Hall Of Fame
"In a way, that little bit of a chip on my shoulder keeps me hungry, keeps me motivated, and it doesn’t change" - Raphael Assuncao
A coveted spot in a bantamweight championship fight was up for grabs. Renan Barao was out of his UFC 177 rematch against T.J. Dillashaw and the scramble was on for a replacement to save the main event. On weigh-in day no less.
Raphael Assuncao’s phone started ringing…and ringing…and ringing.
It wasn’t what you think though.
“You know what, the reporters were calling me that night,” Assuncao laughs. “‘Hey would you take that fight?’ It was crazy. I had the UFC Twitter Takeover that night as well, and people kept asking me about it. I couldn’t make 20 pounds tomorrow. Even if it was a catchweight fight, it wouldn’t be for the title, so it wouldn’t work for me.”
The calls were kind of crazy, especially since Assuncao was back home in Georgia, getting ready for a bout this Saturday against Bryan Caraway in the co-main event of UFC Fight Night in Halifax, and not even on-site in Sacramento, but it seems like anytime there has been a discussion about the bantamweight title in the last year, the Brazilian’s name has been featured prominently. So flying cross country on a day’s notice to make weight and fight for a world title? Yeah, it’s ludicrous, but not surprising that he received calls asking if he would do it.
Joe Soto, scheduled to make his Octagon debut at UFC 177 against Anthony Birchak, was pulled from the undercard and given his dream shot against Dillashaw. He came up short. Assuncao, he just kept working.
“That should have been my fight anyway,” he said, believing that he should have been in the opposite corner for Dillashaw’s first defense, and not the man the Californian beat for the title in May, Barao. Now, Assuncao will be facing another wait, even if he defeats Caraway this weekend, because the spectacular return of former champ Dominick Cruz last weekend pretty much cemented his place as the next challenger for the belt. But Assuncao keeps marching forward.

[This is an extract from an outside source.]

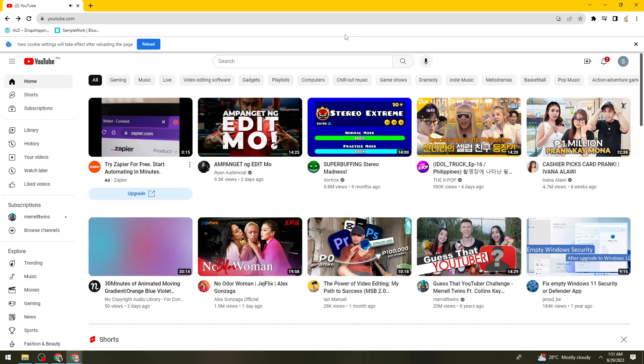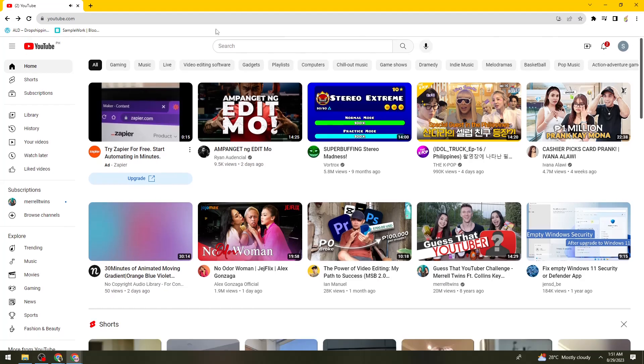So first of all, what you need to do is open your browser. For example, you are experiencing this error when you are trying to open YouTube.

“It’s tough in some ways,” he admits. “But in a way, that little bit of a chip on my shoulder keeps me hungry, keeps me motivated, and it doesn’t change. I’m maturing as a man and maturing in the sport. I feel that not only is my body changing, but mentally I’m changing as well, and I feel great. My time is going to come and I’ll be a hundred percent ready to conquer what has been my goal once the time is there.”
Winner of six straight, Assuncao has done his part to earn a crack at the title. A seventh consecutive victory would make him impossible to ignore. But seeing Cruz – who never lost his title in the Octagon, but relinquished it due to injury – get the next shot is a move few could complain about. One of those who would have a valid case is Assuncao, but first he has to vanquish Caraway on Saturday. In other words, with a loss, his title hopes will be put on ice for a while.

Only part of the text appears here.